YOUR GOAL: Precisely the lines from the one with "Used 2015 Jeep" through the end of the data, both included, must make up the response, each restated word for word.

Items from a dataset
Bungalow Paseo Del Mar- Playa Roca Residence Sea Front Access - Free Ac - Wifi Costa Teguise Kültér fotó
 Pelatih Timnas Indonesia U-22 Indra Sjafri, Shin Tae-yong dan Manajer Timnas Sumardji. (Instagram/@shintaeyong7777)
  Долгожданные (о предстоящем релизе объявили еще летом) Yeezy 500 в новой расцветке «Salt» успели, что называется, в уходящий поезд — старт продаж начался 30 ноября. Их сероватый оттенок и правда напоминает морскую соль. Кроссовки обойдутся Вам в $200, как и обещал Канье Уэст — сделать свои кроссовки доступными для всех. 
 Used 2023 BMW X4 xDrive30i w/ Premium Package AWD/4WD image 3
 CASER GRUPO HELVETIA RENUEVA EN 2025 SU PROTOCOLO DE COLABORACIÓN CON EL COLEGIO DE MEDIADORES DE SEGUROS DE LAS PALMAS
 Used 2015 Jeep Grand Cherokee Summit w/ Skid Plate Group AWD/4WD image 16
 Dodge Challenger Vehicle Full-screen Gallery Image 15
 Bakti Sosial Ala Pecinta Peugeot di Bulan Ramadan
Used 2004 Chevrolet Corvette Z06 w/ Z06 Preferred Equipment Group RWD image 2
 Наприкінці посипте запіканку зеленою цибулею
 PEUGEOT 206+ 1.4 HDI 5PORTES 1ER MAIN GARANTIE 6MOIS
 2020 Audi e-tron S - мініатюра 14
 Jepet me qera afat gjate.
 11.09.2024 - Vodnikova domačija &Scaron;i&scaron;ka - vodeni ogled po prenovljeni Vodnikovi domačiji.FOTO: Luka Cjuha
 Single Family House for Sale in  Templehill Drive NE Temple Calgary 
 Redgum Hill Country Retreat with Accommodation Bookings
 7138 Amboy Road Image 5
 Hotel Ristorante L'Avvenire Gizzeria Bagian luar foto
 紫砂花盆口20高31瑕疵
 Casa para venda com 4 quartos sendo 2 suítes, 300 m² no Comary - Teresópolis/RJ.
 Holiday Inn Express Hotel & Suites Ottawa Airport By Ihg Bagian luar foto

ANSWER TO THE EXERCISE:
 Used 2015 Jeep Grand Cherokee Summit w/ Skid Plate Group AWD/4WD image 16
 Dodge Challenger Vehicle Full-screen Gallery Image 15
 Bakti Sosial Ala Pecinta Peugeot di Bulan Ramadan
Used 2004 Chevrolet Corvette Z06 w/ Z06 Preferred Equipment Group RWD image 2
 Наприкінці посипте запіканку зеленою цибулею
 PEUGEOT 206+ 1.4 HDI 5PORTES 1ER MAIN GARANTIE 6MOIS
 2020 Audi e-tron S - мініатюра 14
 Jepet me qera afat gjate.
 11.09.2024 - Vodnikova domačija &Scaron;i&scaron;ka - vodeni ogled po prenovljeni Vodnikovi domačiji.FOTO: Luka Cjuha
 Single Family House for Sale in  Templehill Drive NE Temple Calgary 
 Redgum Hill Country Retreat with Accommodation Bookings
 7138 Amboy Road Image 5
 Hotel Ristorante L'Avvenire Gizzeria Bagian luar foto
 紫砂花盆口20高31瑕疵
 Casa para venda com 4 quartos sendo 2 suítes, 300 m² no Comary - Teresópolis/RJ.
 Holiday Inn Express Hotel & Suites Ottawa Airport By Ihg Bagian luar foto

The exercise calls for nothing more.